El alejarse de la congregación no es nada nuevo. El libro de Josué -que se ubica históricamente en la época cuando el pueblo de Israel llegó y ocupó la tierra prometida- ya habla de esto. El trozo que hemos leído hoy es de una celebración hecha en Siquem, centro de culto del pueblo de Israel. Josué, líder religioso del pueblo, los desafía a tomar una decisión: renovar la alianza con el Dios de Israel, aquel que los había rescatado de la esclavitud y les había dado una tierra nueva, o dejar la fe por completo y acogerse a otros dioses de otros pueblos y culturas. Él siente que la comunidad no estaba segura de su fe y por eso les pide decidir esta ambigüedad. O viven como el pueblo de la alianza en la tierra que manaba leche y miel que Dios les había dado o se alejan a vivir en el destierro y la destrucción. Pero el que se queda, tiene que escoger el servicio a Dios, el inclinarse a Él y temerle. Este temor significa adoración, amor y obediencia al Dios del éxodo y de la conquista, el santo y celoso que da vida verdadera. Ese Dios, el Dios de Israel, no tolera ni la rebelión ni la infidelidad. Josué es el primero en afirmar y renovar su alianza: “Por mi parte, mi familia y yo serviremos al Señor”, lo grita a todos. Él se pone como ejemplo indicando que cada padre de familia, cada hogar, debe consagrarse a Dios; cada cabeza de familia deber hacerse responsable de que los hijos conozcan y vivan la fe de sus padres. El hogar se hace el centro de la vivencia de la fe y, desde ahí -la familia- la fe se extiende a todo el pueblo.

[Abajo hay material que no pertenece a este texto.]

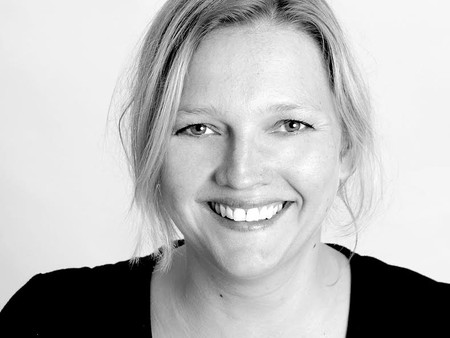 Saskia Köhler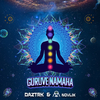 Daztrk - Guruve Namaha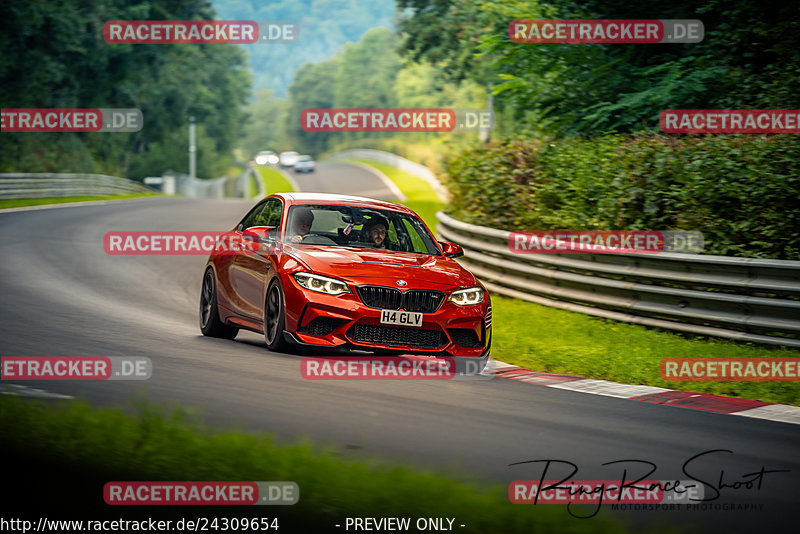 Bild #24309654 - Touristenfahrten Nürburgring Nordschleife (03.09.2023)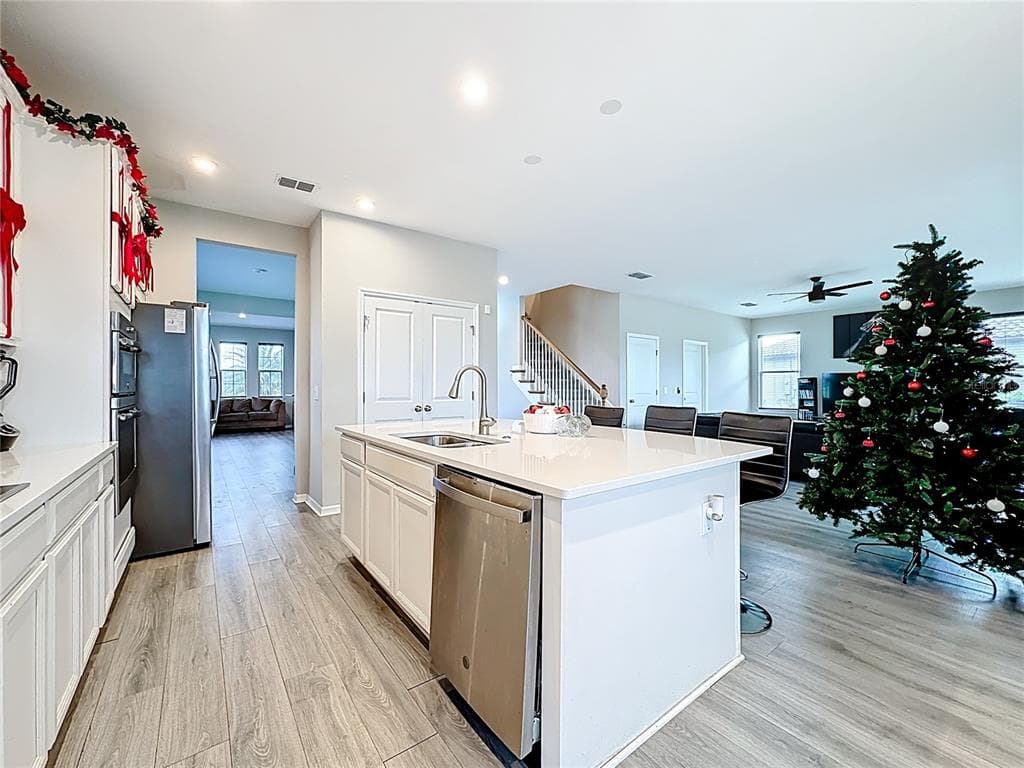 3950 CARRICK BEND DRIVE photo 17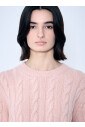 pull-en-maille-torsadee-avec-ourlet-a-cordon-de-serrage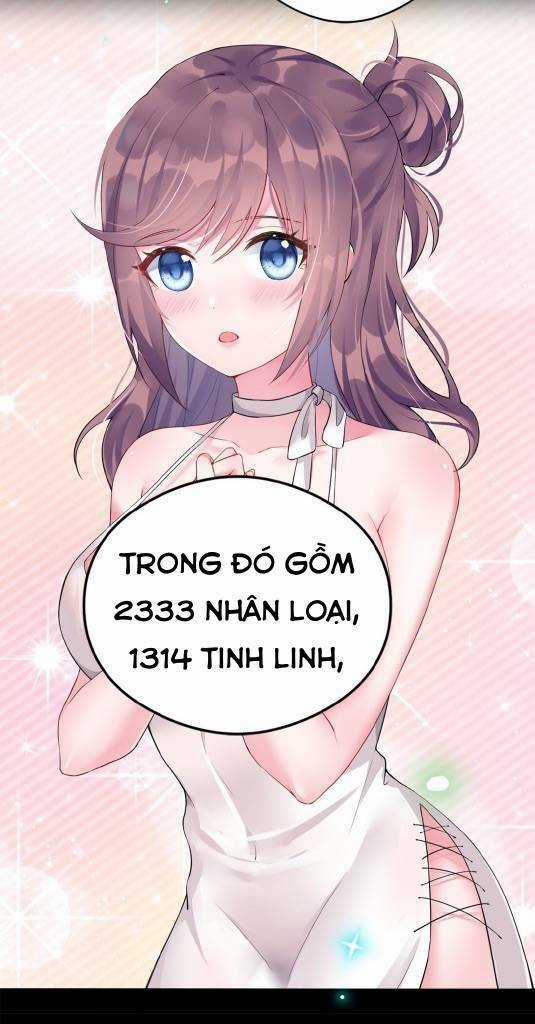 thôn trưởng thôn tân thủ Chapter 2 trang 19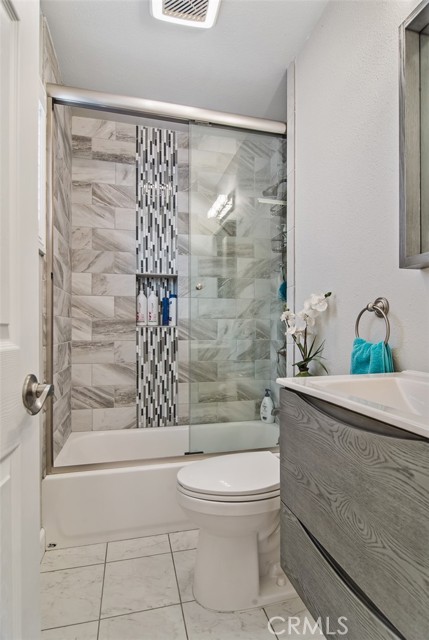 Detail Gallery Image 16 of 24 For 7192 9th St, Buena Park,  CA 90621 - 2 Beds | 2 Baths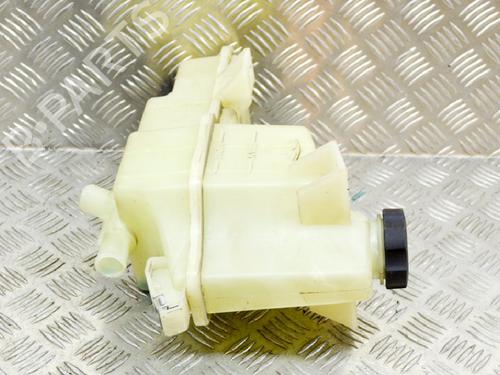 Expansion tank TESLA MODEL S (5YJS) P85 | BP7735749C120 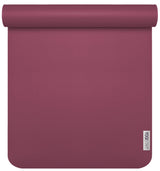 Yogamatte yogimat® sun travel
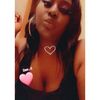 chu_kee_tuhh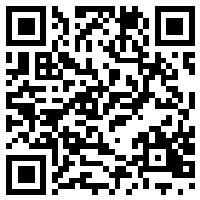 QR Code for bitcoin:13tWXHkiBydAZrtUVf7X3WsUrNeTfbq7Ci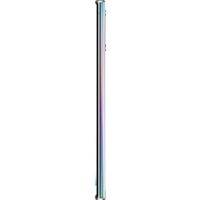 Телефон Samsung Galaxy Note10+ N9750 12GB/256GB Dual SIM Snapdragon 855 (аура)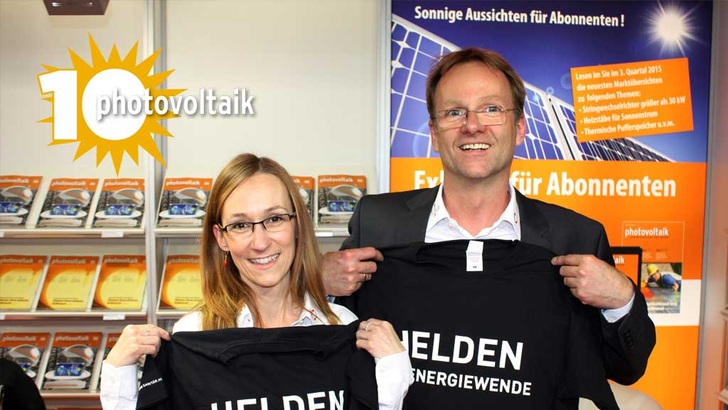 Steffen Lindemann ist Geschäftsführer von Valentin Software in Berlin.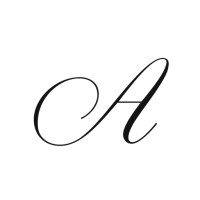 Apartmaji-ANA logo - Similar company to Dinarides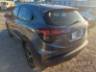 2020 HONDA HR-V 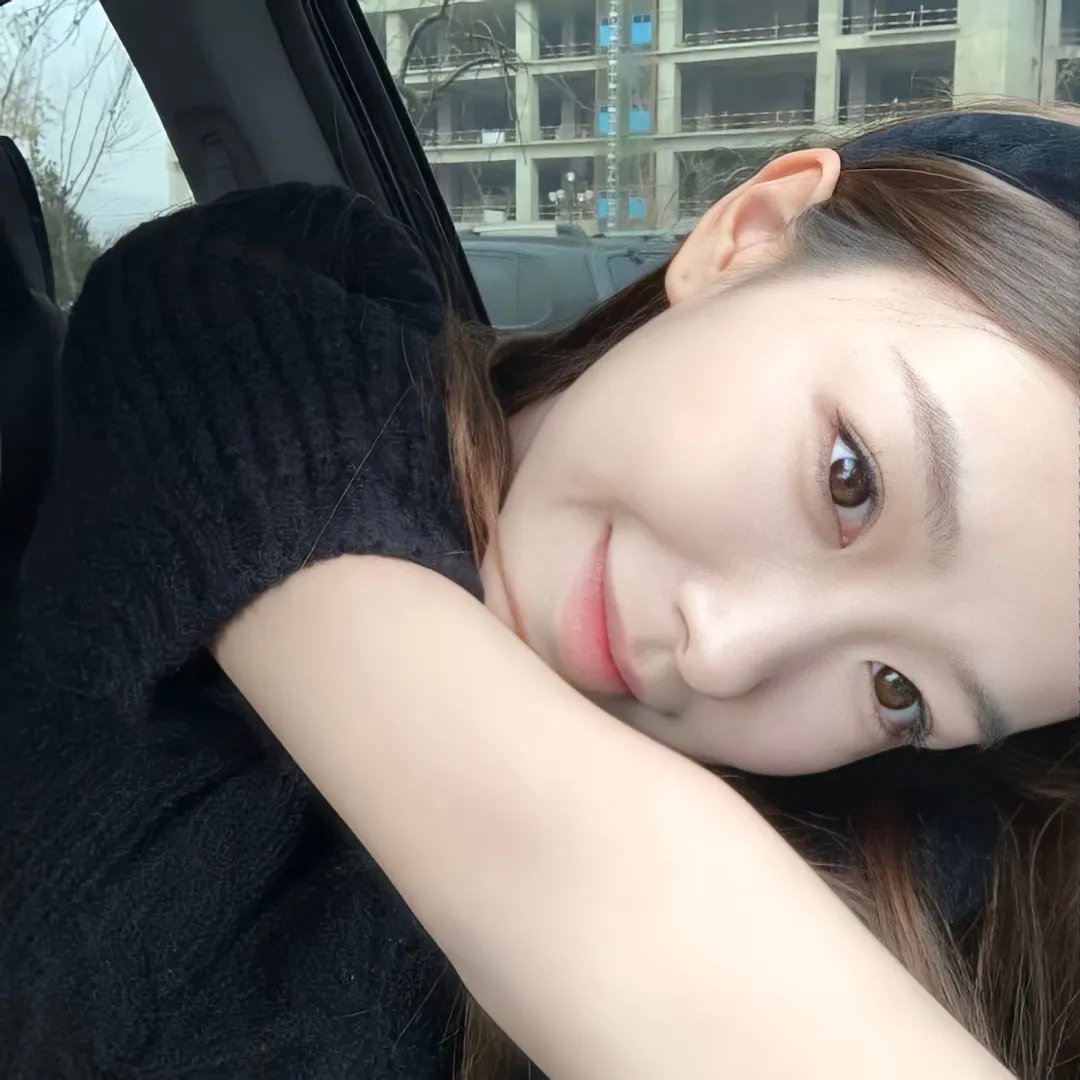 棒棒的幸福生活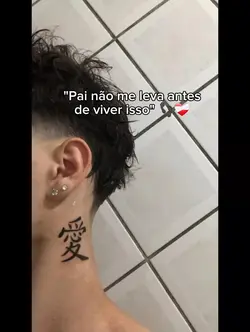 N m leva antes disso
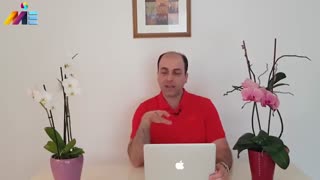 خود حمایتی فرانسه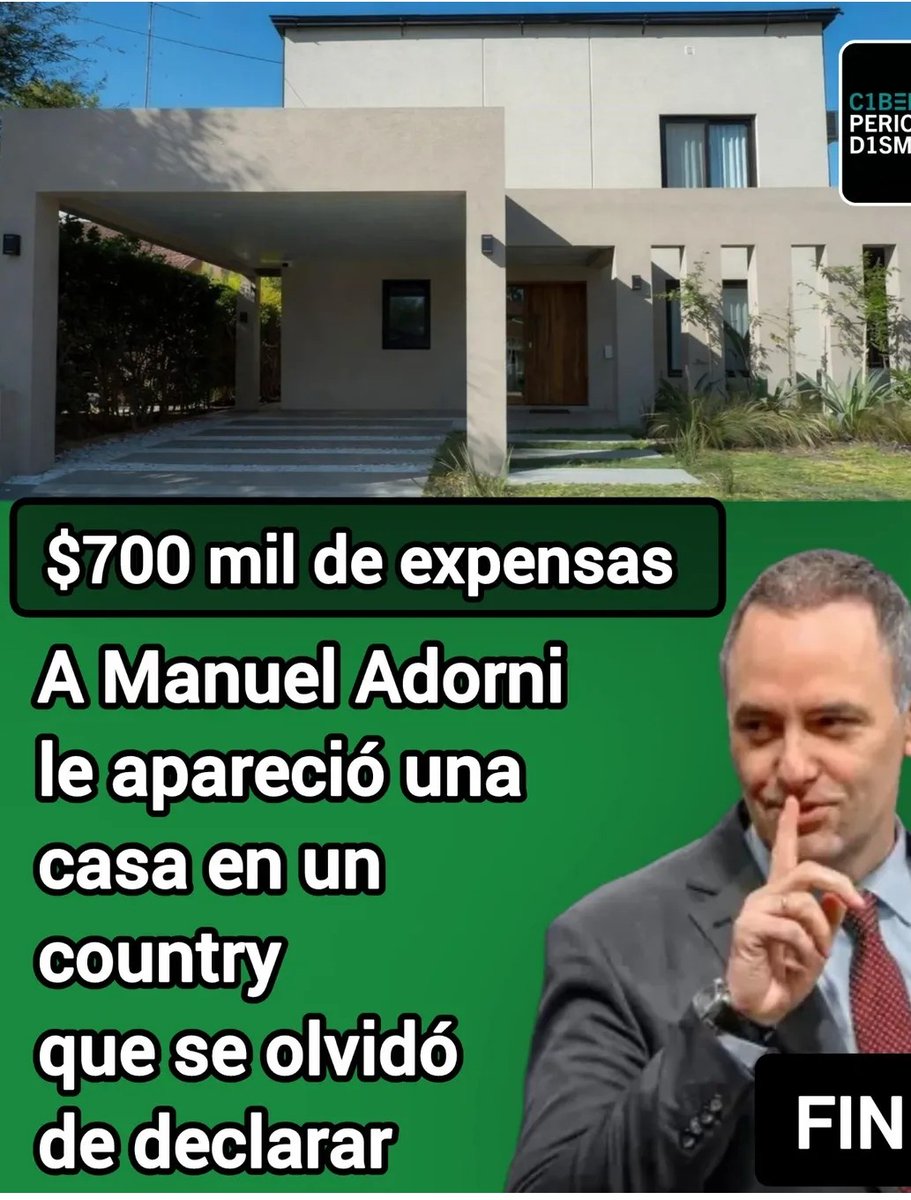 Este tiene que ir preso,malprido hdp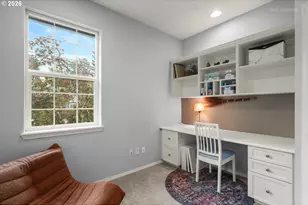 10375 SW Dunlin Pl, Beaverton, OR 97007 - Photo 13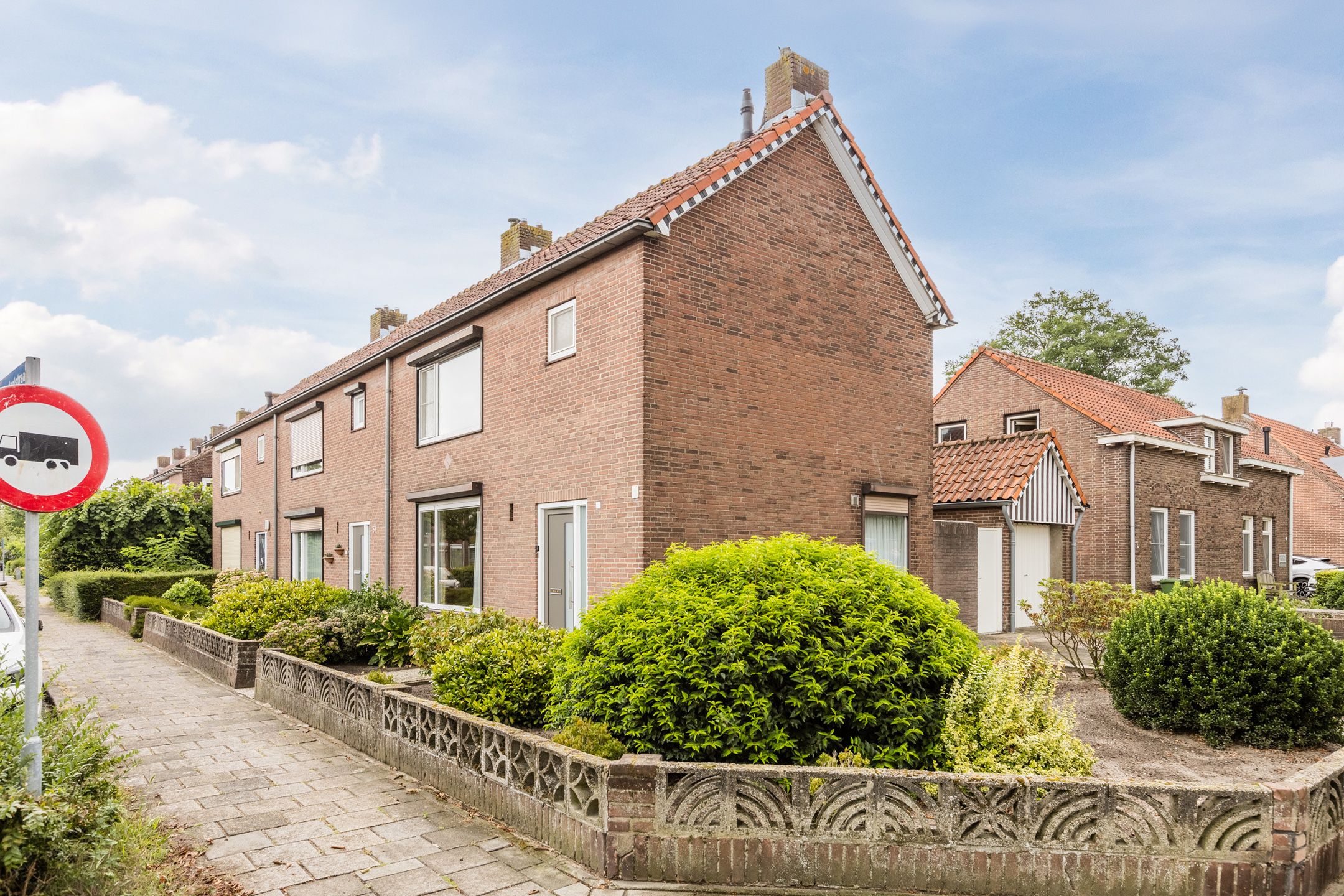 Photo 39 of Ruysdaelstraat 55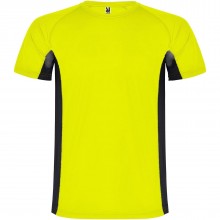  Shanghai Sport T-Shirt für Herren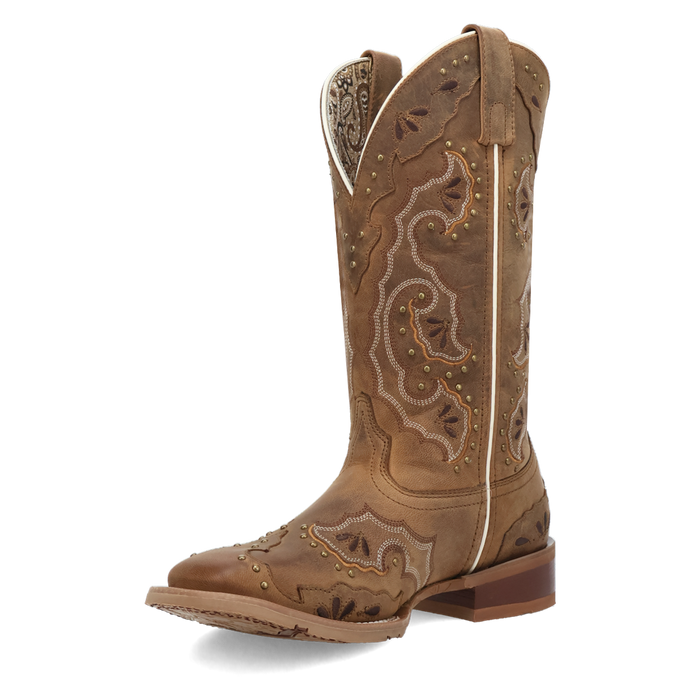 Laredo Lottie - Women's Cowgirl Boot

Del evangelio de Juan hemos leído un texto muy conocido por todos nosotros, es parte del discurso que nos ofrece el evangelista inmediatamente después de la multiplicación de los panes y los peces. Escuchamos que después de haber cenado, Jesús da un discurso al pueblo en el cual hace su revelación como el verdadero pan del Cielo, la teología eucarística de Cristo, pan de vida. Su discurso causa un gran escándalo y muchos deciden dejarlo. Muchos le seguían por sus milagros y sanaciones, mas no por su mensaje más profundo y radical; podemos recordar sus enseñanzas sobre el amor, el perdón, el servicio, la justicia, la verdad y la inclusión. Al ver que muchos deciden abandonarlo, Jesús pregunta a sus discípulos más cercanos: “¿También ustedes quieren irse?”. Ante lo cual Pedro hace una profesión de fe maravillosa: “Señor, ¿a quién podemos ir? Tus palabras son palabras de vida eterna… sabemos que tú eres el Santo de Dios”.
Esto debería ser suficiente para motivar una reflexión esta semana sobre el tema de la fidelidad a Dios, a la comunidad de fe, a la Iglesia, sobre nuestra madurez espiritual y la importancia del compromiso de fe. Pensemos también en las razones por la cuales la gente se aleja de Dios y de la iglesia. Ojalá que nadie se alejara de Dios ni de la Iglesia, pero si por alguna razón, algún día, alguien lo hace, que su decisión no sea hecha a la ligera sin estar precedida de un profundo discernimiento, oración y diálogo con su sacerdote o los líderes de la comunidad.
Ante la duda en la fe no olvidemos lo que dice Pablo a los Efesios: “manténganse firmes”, firmes en la fe. Así sea.